Wohl auch deshalb ruft Fiat seinen 124 Spider mit einer Fahrveranstaltung in Erinnerung, zusammen mit seiner Abart Abarth - obwohl es nichts grundlegend Neues gibt. Wie die meisten Leser wissen dürften, handelt es beim 124 um eine Kooperation mit Mazda. Der ebenso gelungene wie erfolgreiche MX-5 mit knackigem Standardantriebs-Fahrverhalten dürfte in diesem Fall der beste Technikspender sein, den man sich wünschen kann. Für einige Puristen verliert der Fiat aber durch seinen 1,4-Liter-Turbomotor, weil für sie gerade die Sauger des MX-5 einen Teil seiner Faszination ausmachen.

Fahrspaß garantiert

Am Morgen wartet ein 124 Spider Lusso mit der Einstiegskonfiguration aus 140 PS und Sechsgangschaltgetriebe. Die schmalen Ledersitze passen stämmigen Nordeuropäern in der Breite gerade noch, ein leichtes Kneifen ist schon spürbar. Um den Seitenhalt muss man sich zumindest keine Sorgen machen. Der Blick fällt auf einen großen mittigen Drehzahlmesser, die rechte Hand auf einen ultrakurzen Schaltknüppel. Alles andere blendet sich gedanklich weg. Auch den Startknopf hat man schon gefunden, bevor man ihn eigentlich gesucht hat.
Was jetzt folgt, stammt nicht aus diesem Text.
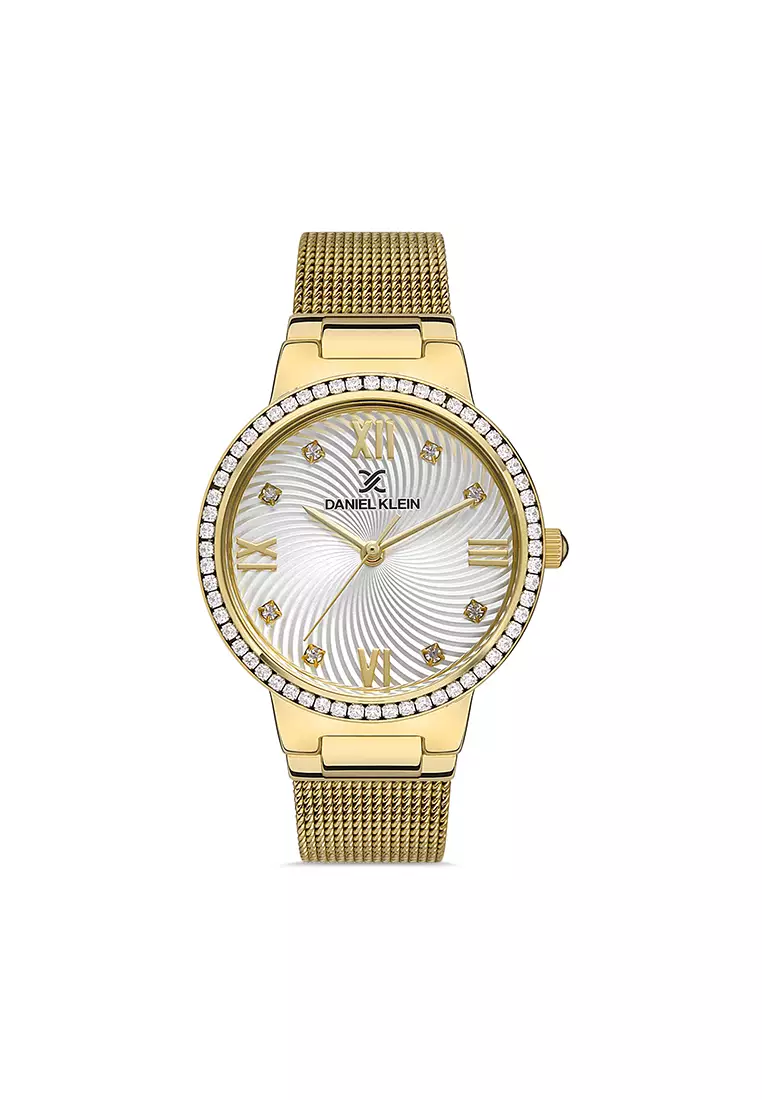 Daniel klein gold watches store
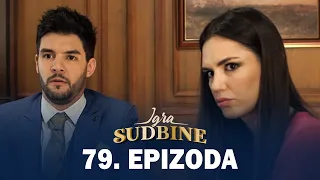 Igra sudbine | Sezona 01 | Epizoda 79 (domaća serija)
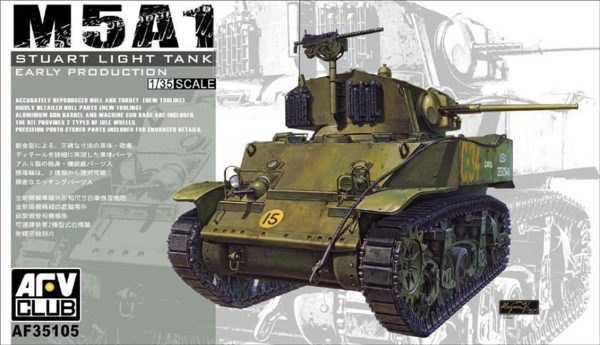 AFV Club AF35105 1/35 Ölçek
Mit einem angenehm sonoren Brummen startet der kleine Turbo-Motor. Knochig aus dem Handgelenk rastet der Erste ein, der Spider röhrt los und verspricht schon jetzt viel Spaß. Die Turboaufladung stört nicht. Die Kraftentfaltung fühlt sich linear an. Nur wer sich mit all seinen Sinnen darauf konzentriert, könnte eine ein My verzögerte Gasannahme entdecken. Aber solch notorische Schlechtmacher wird der Fiat schon allein durch seine unverhohlene Lebensfreude so provozieren, dass sie einen großen Bogen um ihn machen.

Schalten aus dem Handgelenk

Ein blaues Lämpchen im Kombiinstrument zeigt an, dass der Motor noch kalt ist. Dieser Warnhinweis zusätzlich zum Wasserthermometer soll den Fahrer dazu bewegen, es etwas verhaltener angehen zu lassen. Das Auto wird immer sympathischer. Die Lenkung macht genau das, was sie soll. Gierig saugt der Spider die Kurven auf. Das Fahrwerk ist straff, ohne unangenehm zu sein. Man hat nicht das Gefühl übertrieben hart über Unebenheiten zu hoppeln. Dazu passt diese Schaltung, die dir die Empfindung gibt, dein Handgelenk sei direkt in das Getriebe integriert. Dieser Fiat „passt“ einfach.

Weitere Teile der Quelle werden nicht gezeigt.